*TLDR skip to TLDR section below*
Yesterday evening I did allot of scoping around.
The crazy ripple I mentioned was present on pins 4,5 & 7 of U139 as I had previously seen with my DMM.
I used freeze spray on U139 and that did seem to settle the ripple allot.
However since it is a densely populated board it could be another nearby component, or something on the underside...
I never got rid of the ripple completely though so in the end I started looking for a PCB crack or bad soldered component.
But touching everything on the top of the PCB had no effect, so I flipped the PCB over again.
As I mentioned in my OP and reply #1 the last time I did I had stable reference voltage once, but not this time.
I looked around the back for something that would affect the ripple but nothing did, and I was about to give up.
Then suddenly the ripple disappeared and the meter was able to autorange fine.
For example before if I measured a 9V battery it could not autorange to the 10v range, but I could select it manually.
But before the reading was so unstable due to the ripple that the meter could show basically any random voltage value.
Now it was dead on, only effected by the tempco of the battery itself.
I measured a 2.5v voltage reference and it came up a little low but still very good at 2.49985v
At this stage I figured I would have the same experience as in my OP: that is after powering off and on the device it would fail.
But it did not, so I put the board back into the case, and still it worked.
So I thought ok, I will leave it and come back tomorrow because I had noticed quite large differences before related to the temperature of the instrument.

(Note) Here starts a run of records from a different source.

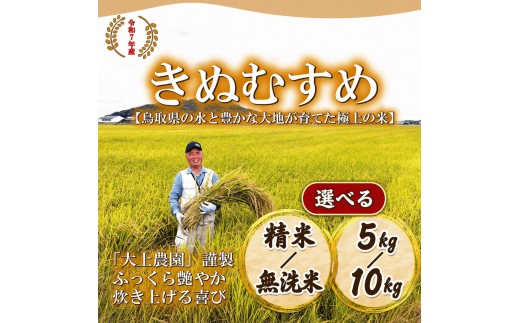
                  ＜選べる＞＜令和7年産＞大上農園のきぬむすめ(精米/無洗米・5～10kg) 【鳥取県 境港市】
                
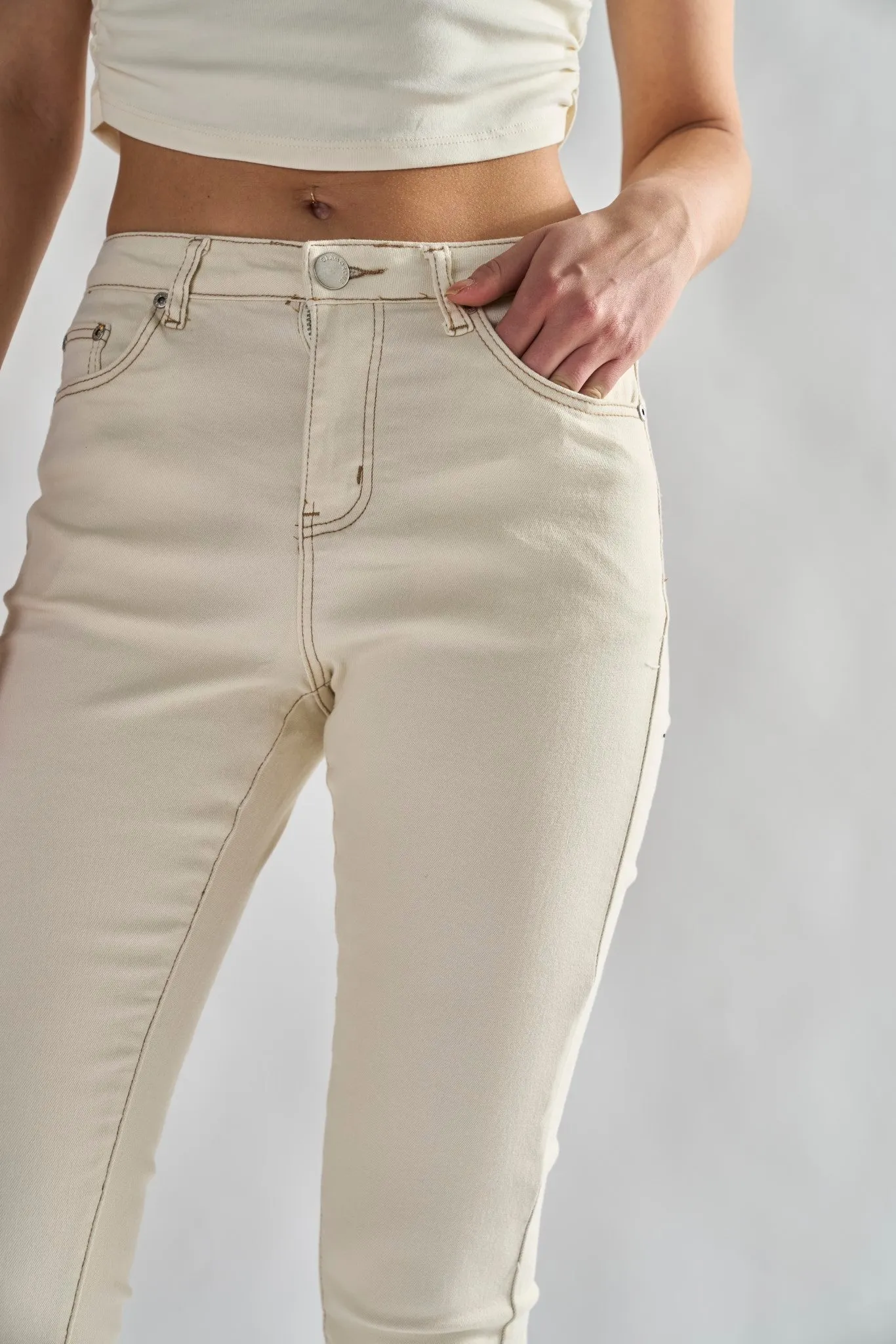 Ecru High Waisted Skinny Jeans sold by Glamorous product image thumbnail 4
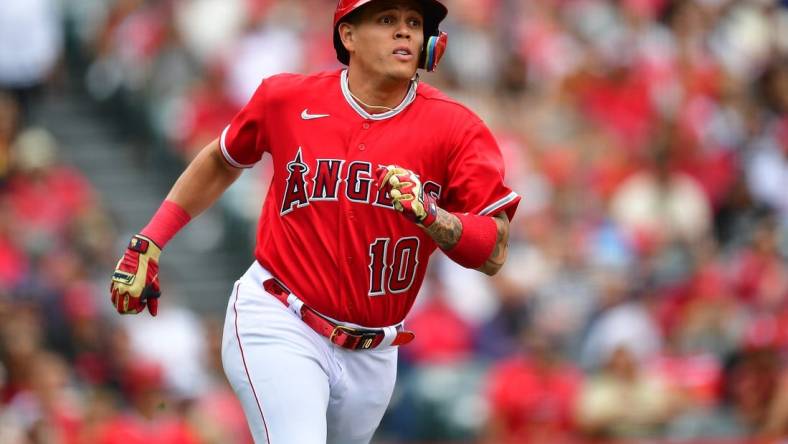 May 28, 2023; Anaheim, California, USA; Los Angeles Angels third baseman Gio Urshela (10) runs after hitting a triple against the Miami Marlins during the second inning at Angel Stadium. Mandatory Credit: Gary A. Vasquez-USA TODAY Sports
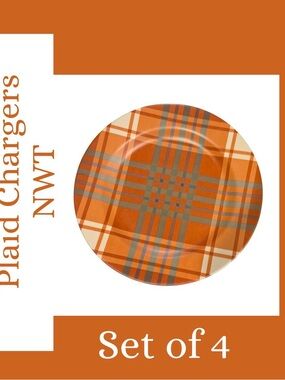 NWT Set of 4 Ragon House Fall Orange Plaid Melamine Charger Plates 12"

But to my surprise today it powered on fine again, I also noticed that the reference voltage appeared instantly.
I wrote in my reply #12 that with the 18K resistor in series with R315 the reference voltage appeared instantly.
But after that reply I noticed that if I let the device cool down completely over an hour it would take 10 to 15 seconds for the reference voltage to come up.

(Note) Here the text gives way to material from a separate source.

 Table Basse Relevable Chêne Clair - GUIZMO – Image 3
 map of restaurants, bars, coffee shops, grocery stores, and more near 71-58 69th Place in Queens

So I desoldered the 18K parallel resistor I had added to R315 and the reference voltage still came up instantly!
And now my 2.5v reference measured dead on 2.50000v, which could be just a coincidence since it is a €20 eBay AD584-M, but still!
Finally I initiated a selftest and it passed all of the tests without errors!
TLDR: So with my now out of the blue working meter I am not sure I want to be happy or not, since the cause was never found.
But I added some scope shots below &
put up a video showing the issue with the crazy ripple which is now gone after the work above.
After this there is still a pretty crazy waveform at pin 3 of Q129 & Q130 (the unregulated 20v input, infact this ripple did not change)
But this ripple does not exist in other places of the unit, for example at R168 it is the expected sawtooth waveform.
You can see in my previous reply when VR109 was dead how the ripple then was present there too, but now it is a perfect sawtooth at R168
I guess this is why Q129/VR112 & Q130/VR113 gets so hot...
I need to replace VR109 because my THT replacement looks very ugly and is also unable to create a perfect stable voltage: there is some AC ripple let through.
I'm actually contemplating replacing R168 270Ω with a 1KΩ resistor because I do not understand why it needs to be that low, it creates allot of heat in the zener!